L680/C601 18200/29186  BOSE (#6)
Special Topics in Literary Study and Theory

4:00p – 5:15p TR


Cross-listed in the English Department and the Cultural Studies
Program, this course meets the core requirement for the Cultural
Studies Ph.D. minor, but it is also open to any interested students.
This version of the course will trace the historical trajectory of
Cultural Studies from its founding in 1963 by Richard Hoggart, the
first director of the Birmingham Centre for Cultural Studies, to its
contemporary manifestations. Hoggart initially conceptualized
Cultural Studies as a response to the conservatism of British
literary studies. Cultural Studies was to be an interdisciplinary
venture, combining sociology, anthropology, history, and, crucially,
literary analysis. Over the course of the next several decades, the
discipline became more theoretical and overtly political, concerned
with the role of the state in policing communities, the relationship
between hegemony and mass media, and on aspects of working class and
other resistant subcultures.

As an interdisciplinary venture, Cultural Studies necessarily has
many associations. For some, it immediately conjures the Birmingham
School, which revitalized British Marxism through its pioneering
studies of everyday life, cultural criticism, and post-industrial
Britain. For anthropologists, Cultural Studies is associated with
ethnographies, fieldwork, and the study of collective life. For
those in Fine Arts, Cultural Studies has articulated visual culture
with postmodern and historicist readings. In History, Cultural
Studies has shaped the ways in which scholars study ideological
changes in race, gender, and ethnicity over time. For media critics
and sociologists, Cultural Studies has resulted in sustained
attention to mass culture. These intellectual developments suggest
that an account of the field should consider Cultural Studies, in
the words of Stuart Hall, as “a set of unstable formations” and
methodologies rather than as a unified theoretical approach.

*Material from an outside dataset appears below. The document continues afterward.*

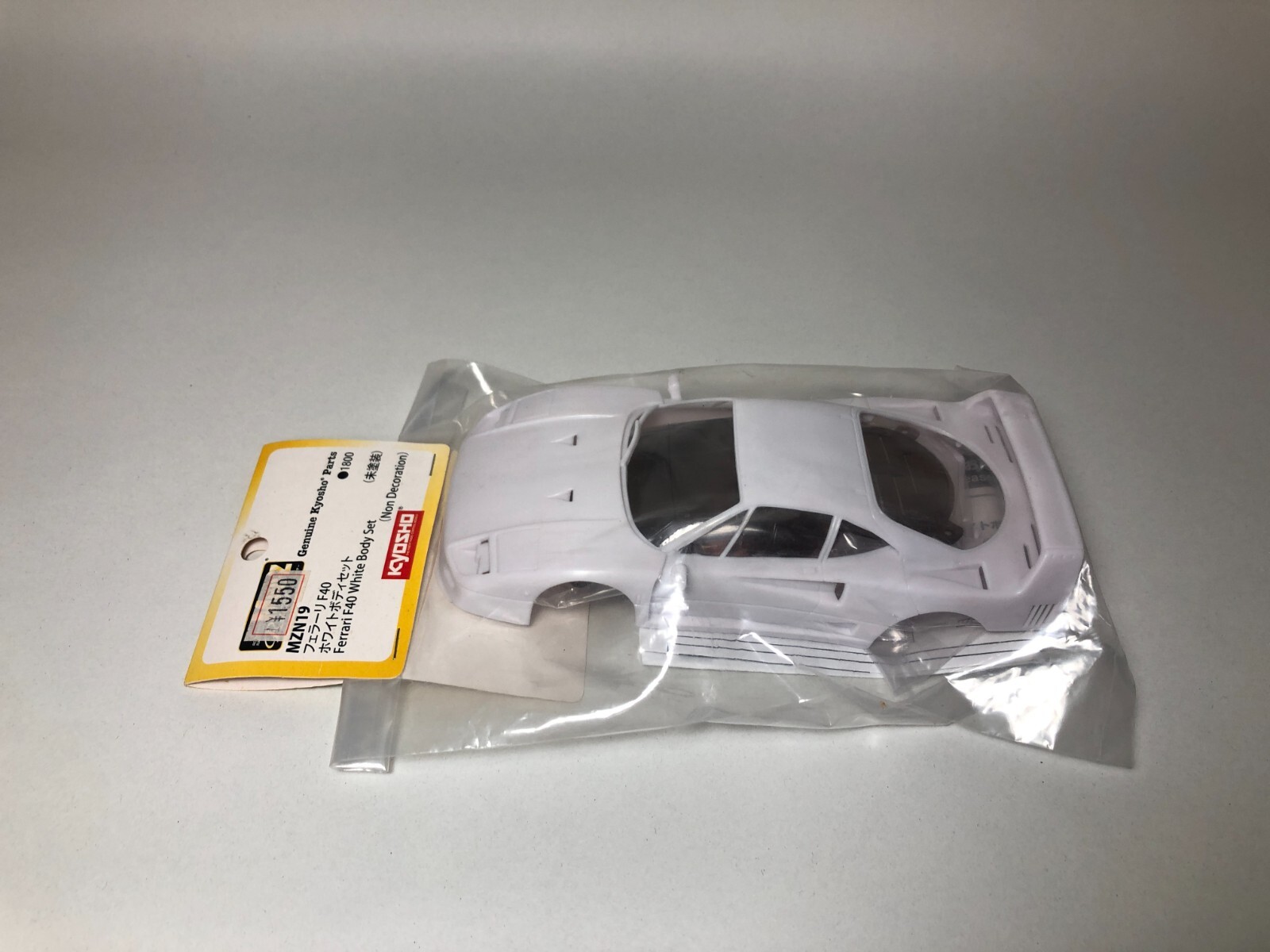 フェラーリ360モデナ ホワイトボディセット（未塗装）京商 1/27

Taking Hall’s formulation as a guide, we will explore what the
term “culture” has meant for scholars, asking what it means to say
that we study a particular text or object (a work of literature, a
political speech, a visual icon, a legal code, etc.) as an artifact
of culture and as a key to understanding a social formation. Our
course readings will be eclectic, drawing upon cultural criticism,
literary history, Marxist theory, studies of popular culture and
political insurgency, and even contemporary journalism. All of these
works broach issues common to contemporary cultural studies in their
concern with the forces behind the production and circulation of
cultural artifacts (films, television programs, romance novels,
advertising) and their meanings; the creation or maintenance of
cultural hierarchy; the cultural construction of race, ethnicity,
and gender; the visual and spatial dimensions of everyday
experience; and the relationship between private and public spheres.

I haven’t finalized our readings, but in the first half of the
semester they will probably include selections from the “classical”
cultural studies canon, including Marx, the Frankfurt School and the
Birmingham Centre for Cultural Studies, Louis Althusser, and Raymond
Williams. The second half of the semester will explore Cultural
Studies scholarship outside the United States. In the last three
weeks of class, we will turn our attention to readings that address
the specific research interests of students who are enrolled in the
class; to this end, students should email me a brief description of
their research interests after July 8, 2010.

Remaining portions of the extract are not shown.